H. L. Mencken was among the most controversial literary voices of his time and retains his place today as one of the livelier figures in the American tradition. He gained notoriety reporting on the Scopes Trial (which he dubbed “The Monkey Trial”) for the Baltimore Sun; composed The American Language, a multi-volume study of the origins and permutations of spoken English in America; founded the legendary magazine the American Mercury; and wrote everything from journalism to fiction, poetry to criticism, linguistics to satire. Mencken was a matchless raconteur and provocateur, who made enemies both North and South and was often accused of carrying water for one side or the other, depending on who was outraged at the moment.
Not surprisingly, Mencken was among the first writers solicited by James Southall Wilson when VQR was founded in 1925, but Mencken declined, explaining, “Unluckily I am so hard worked that it will be quite impossible for me to write an article for you. The American Mercury keeps me very busy.” But in late 1933, when Mencken resigned his post as editor of the American Mercury, VQR’s new editor Lambert Davis seized the opportunity to again invite the “Sage of Baltimore” to contribute an essay, and this time Mencken agreed. Davis suggested a number of possible topics—reflections on the literary South, a broader survey of the Southern character, a reverie on the decade of the 1920s. Ultimately, Mencken settled on a topic of his own choosing: the difficulties facing the modern South, the problems raised by the Southern Agrarian movement, and the “stranglehold” of the evangelical clergy on “free inquiry” among Southerners. His one and only publication in the Virginia Quarterly Review, “The South Astir,” appeared in the January 1935 issue.

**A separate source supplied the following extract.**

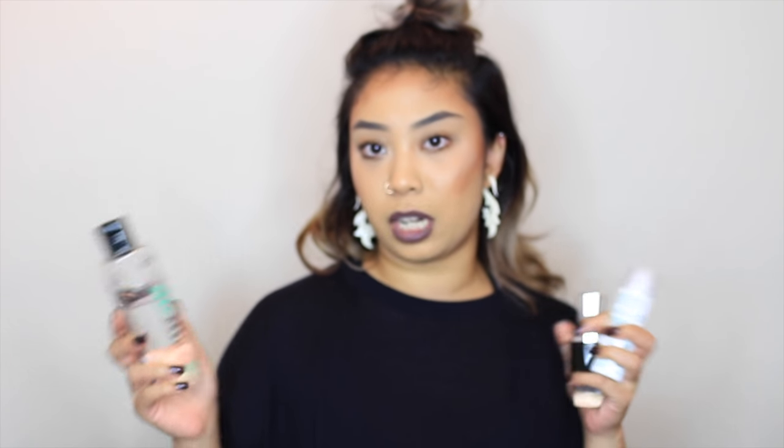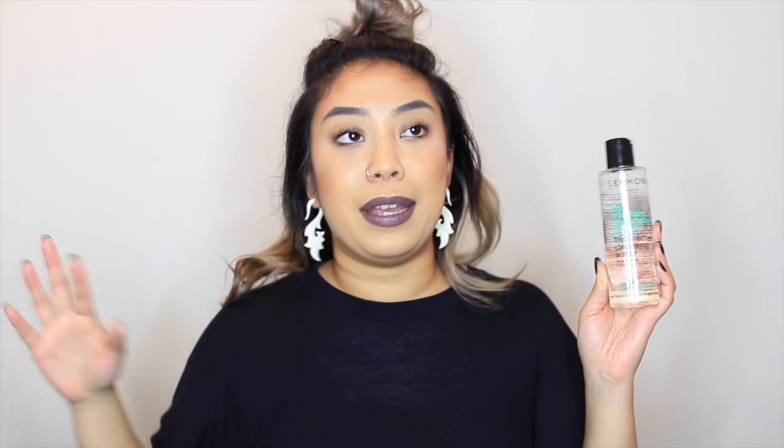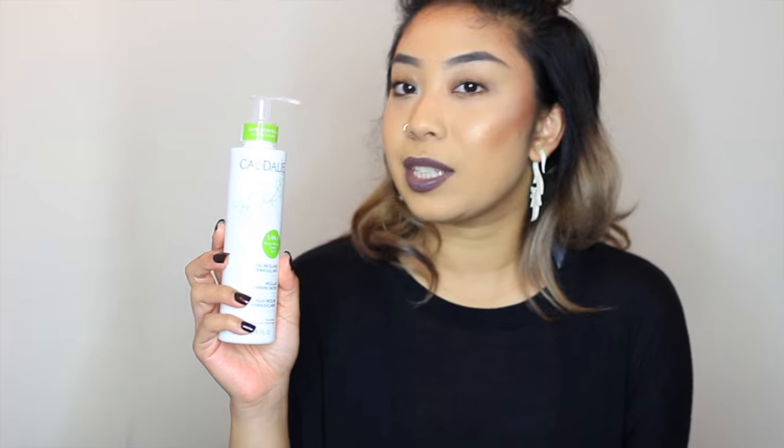On to skincare — it wouldn't be my type of video without it. This one really surprised me: it's the Sephora Collection Triple Action Cleansing Water for face and eye. It looks like a toner, but it's a micellar water. Micellar water has been huge this past year and I'm super on board — this thing literally takes off all my makeup, and I wear heavy makeup pretty much all the time as a freelance MUA.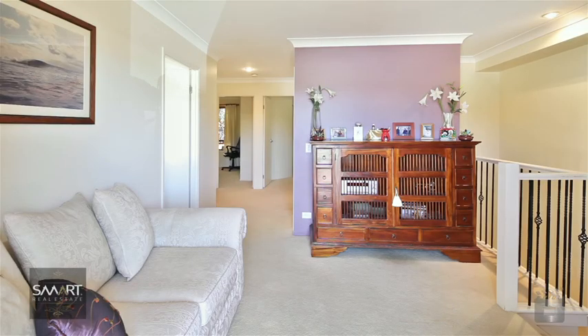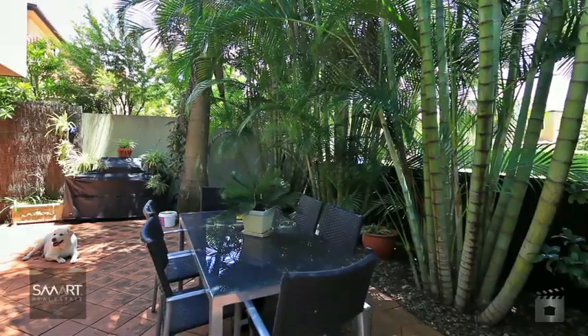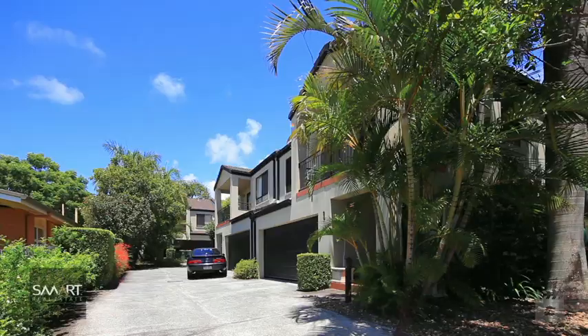Centrally located within minutes to Australia Fair, Griffith University and the Gold Coast Hospital, with easy access to the Smith Street Motorway and M1.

In the essay, Mencken accuses intellectuals of ignoring the problems of the South—political, social, and economic—for almost sixty years. This was not a controversial statement at the time, as Southerners in the latter half of the nineteenth century were more interested in preserving the last bits of their cultural integrity following the devastation of the Civil War than in addressing their fundamental flaws—suppression of civil and political rights for African Americans and the rural poor, the inefficiencies of their economic model, and a general reverence for “the way things used to be.” According to Mencken, the decades of the Teens and Twenties brought the first “realistic studies of Southern problems,” so that, by 1935, he could confidently pronounce: “There is now in the South a minority of opinion that is quite as enlightened as that to be discovered in any other part of the country.”

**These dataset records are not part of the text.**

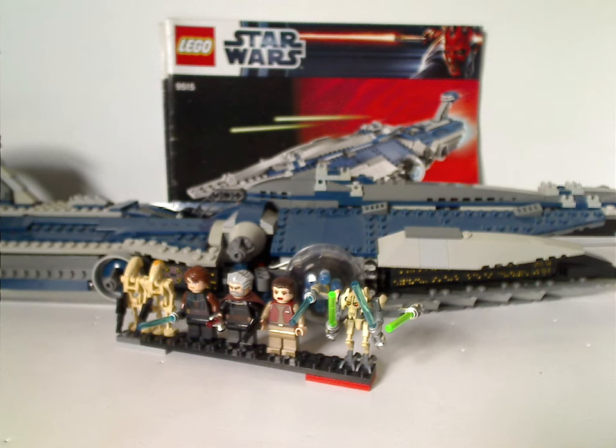It would have been nice if C-3PO had been included in the mini-fig selection, since he did appear in the earlier Clone Wars episodes that this set is based on. As for playability, the flick-fire missiles and the hover train inside are nice features. The interior space in the front section is almost like what you get with the Venator and Imperial Light Cruiser sets.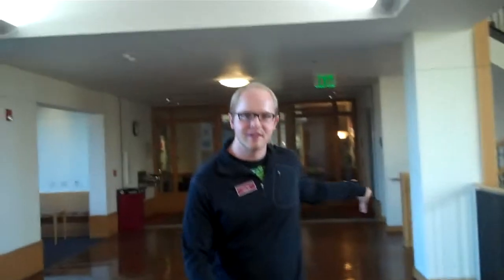And then behind me here are some of the professor's offices. Every professor is required to have at least three office hours per week, which is just a time where they are in their office, available for students to go in and get help with any of their assignments, or just to talk and hang out.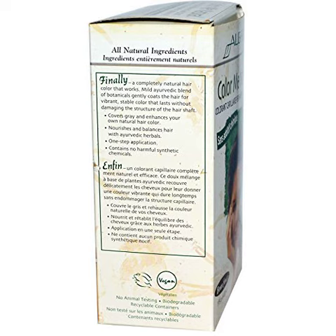Nourishes and balances hair with Ayurvedic herbals. One-step application. Contains no harmful synthetic chemicals. Vegan safe, herbal formula contains no phenylenediamine. No coal tar dyes. No resorcinol, no ammonia, no synthetic colors, preservatives or fragrances.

While Mencken is encouraged that the South is “[grappling] resolutely with its own problems, and [trying] to solve them in accord with its own best interests,” he spends the bulk of his essay casting stones at the Agrarians of Tennessee, a group of Southern writers and intellectuals—John Crowe Ransom, Donald Davidson, Allen Tate, and Robert Penn Warren, to name a few—who opposed the proliferation of industrialism in the South because they believed it robbed the region of its agrarian identity and compromised the individualism of its people “The [Agrarians] conjure up a beautiful Utopia,” Mencken writes, “prove that life in it would be pleasant, and then propose that everyone begin to move in tomorrow. Carried away by their ardor, they overlook the massive detail that it really doesn’t exist.” Mencken agrees that too much industrialism is a bad thing, but the idea of refusing all kinds of industrialism is impractical nonsense: “In spite of occasional Depressions, the industrial system tends to increase the general wealth, to set up salutary impediments to demagogy, and to offer new hope to an already disinherited peasantry.”

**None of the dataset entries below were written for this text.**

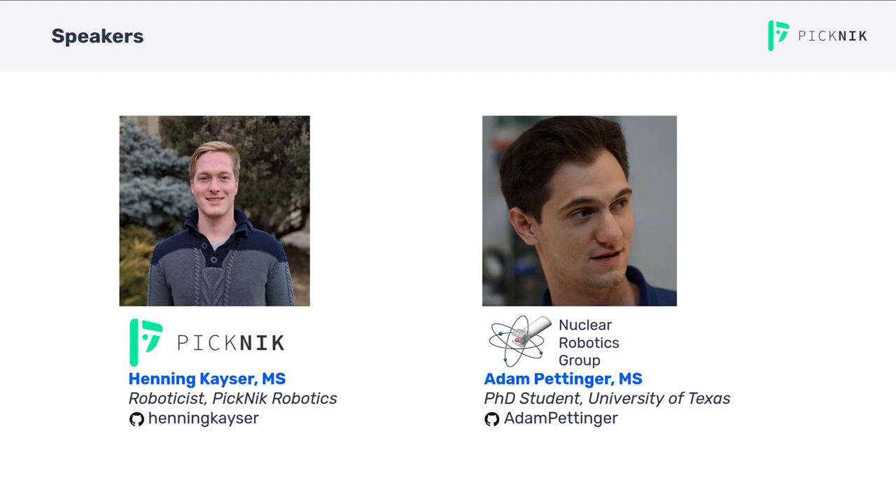Hi, I'm Henning Kaiser with Picnic Robotics. Today I'm going to talk about the latest updates and future plans around the MoveIt ROS2 migration efforts. With me is Adam Pettinger from the Nuclear Robotics Group at the University of Texas. He will present his work around MoveIt Servo as part of his Google Summer of Code project at Picnic.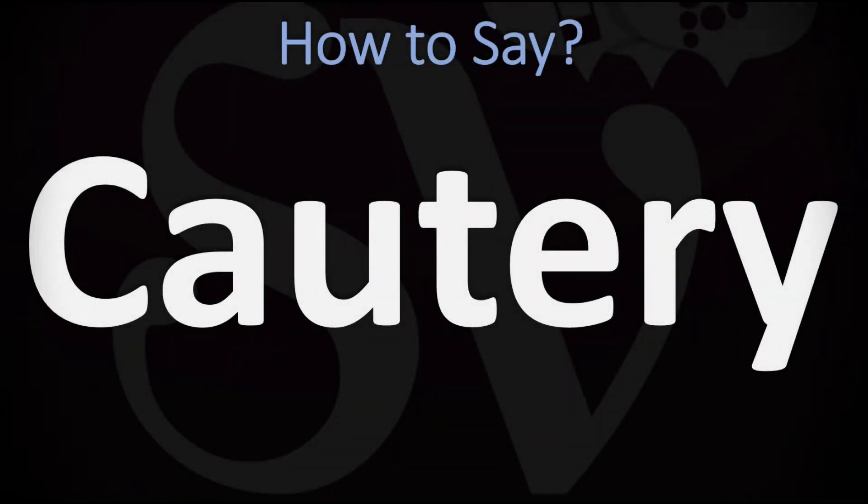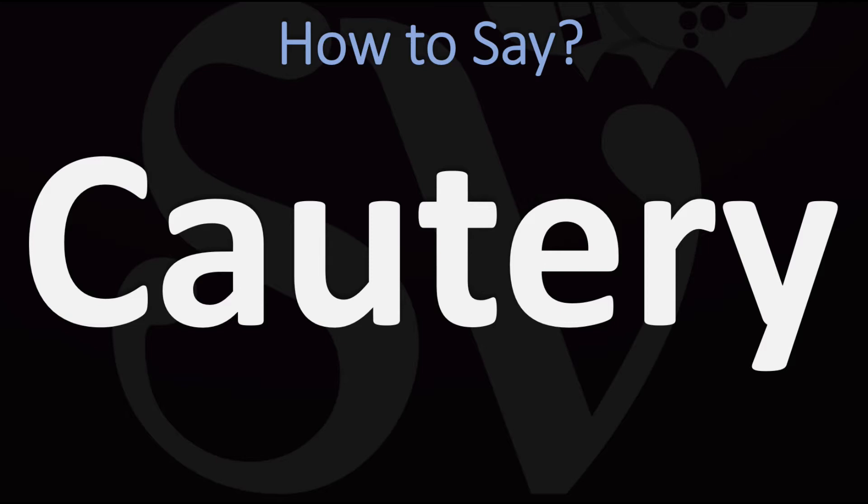We are looking at how to pronounce this word as well as how to say more interesting and related words in English, so make sure to stay tuned and consider subscribing for more learning.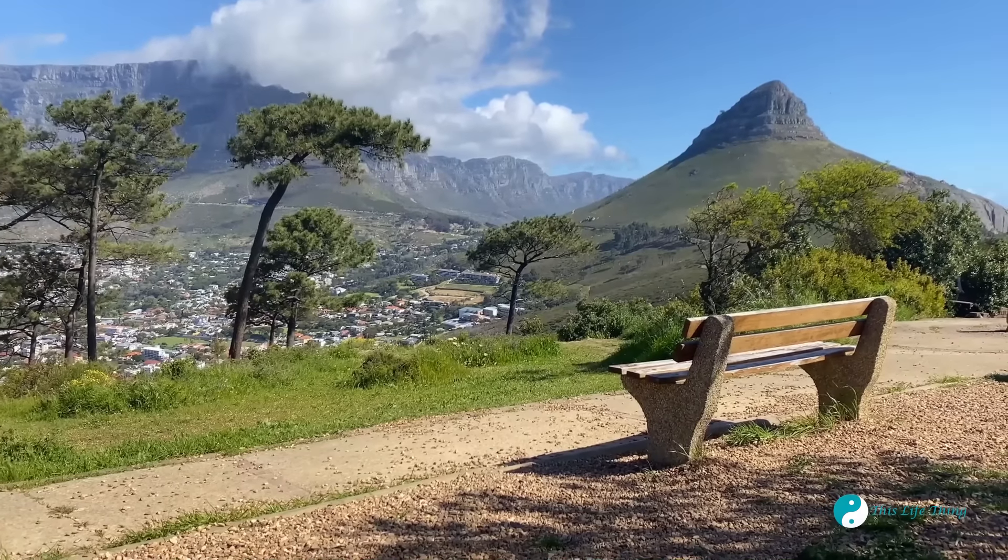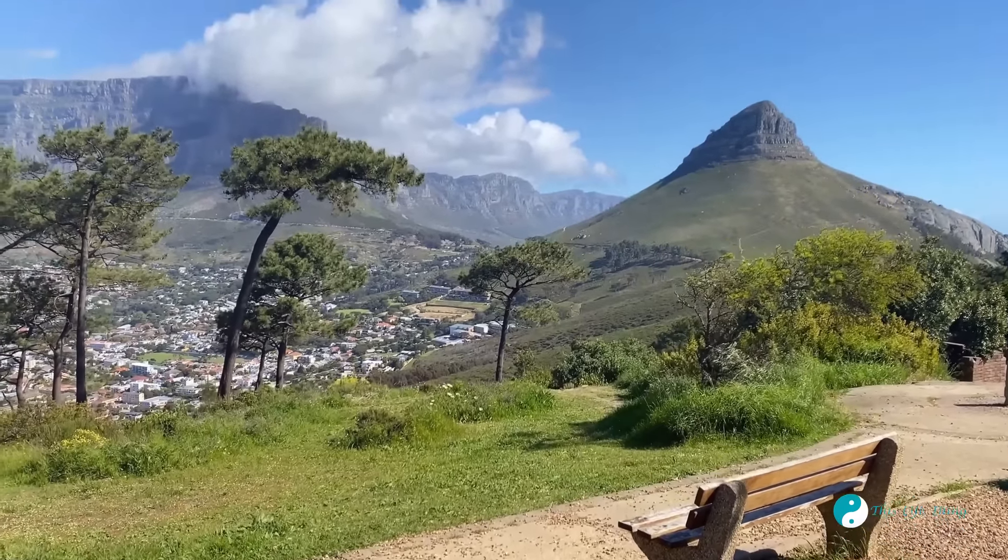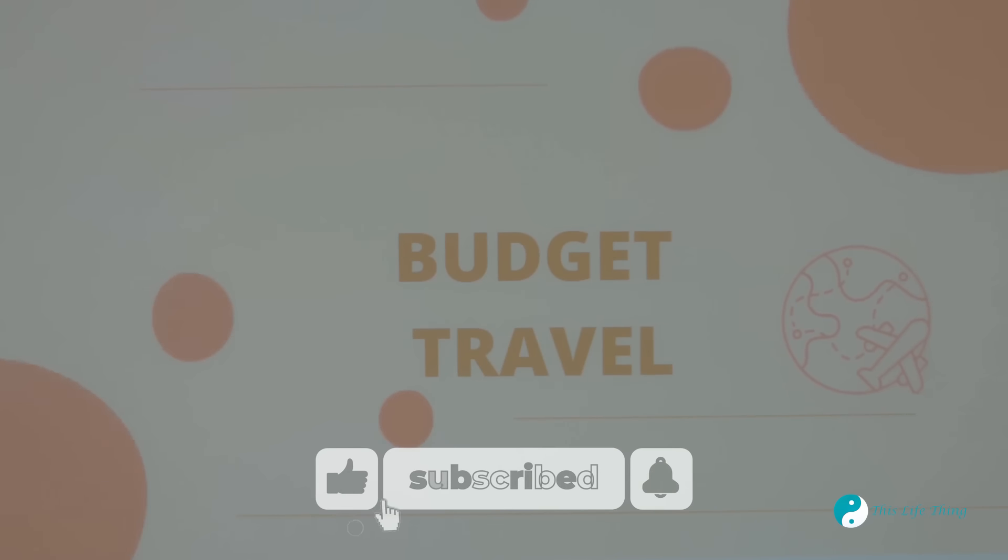Dreaming of an African adventure? South Africa offers stunning landscapes, vibrant cities, and unforgettable wildlife experiences. Here's how to do it on a budget. With a bit of planning, you can explore this beautiful country without breaking the bank.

Mencken eventually admits that “these Utopians are by no means representative of the New South.” He believes the Southern Agrarians raise some good questions for the general population to consider, but ultimately, they are not at the heart of what ails the South. Instead, Mencken settles upon a single fundamental Southern problem: “the curious Southern tolerance of theological buncombe and pretension.” Getting rid of the influence of the evangelical clergy in the South, Mencken argues, “is the first task of every enlightened Southerner today. It stands in the way of every free functioning of the mind, and is an impediment to all genuine progress, on whatever plane.”
Lambert Davis was pleased with “The South Astir.” He wrote to tell Mencken that it was “a delightfully written piece of work, and blows like a clean breeze through a good deal of our swampy thinking,” although he had some reservation about lumping all Southerners together as “believers in God.” Mencken, for his part, believed that the topic merited more space than a magazine essay allowed to get at all of the issues raised: “The article, on a re-reading, certainly does not thrill me … It needs a whole book, or at all events, a pamphlet.” Neither Davis nor Mencken mentioned Robert Penn Warren’s essay on the poetry of John Crowe Ransom, which appeared in the very same issue of the VQR (January 1935) and touched on a few of the Southern principles Mencken discussed. Davis mentioned only that he considered Mencken’s essay “rather a necessary addition to the issue which is otherwise sleepy, though of fairly high quality.”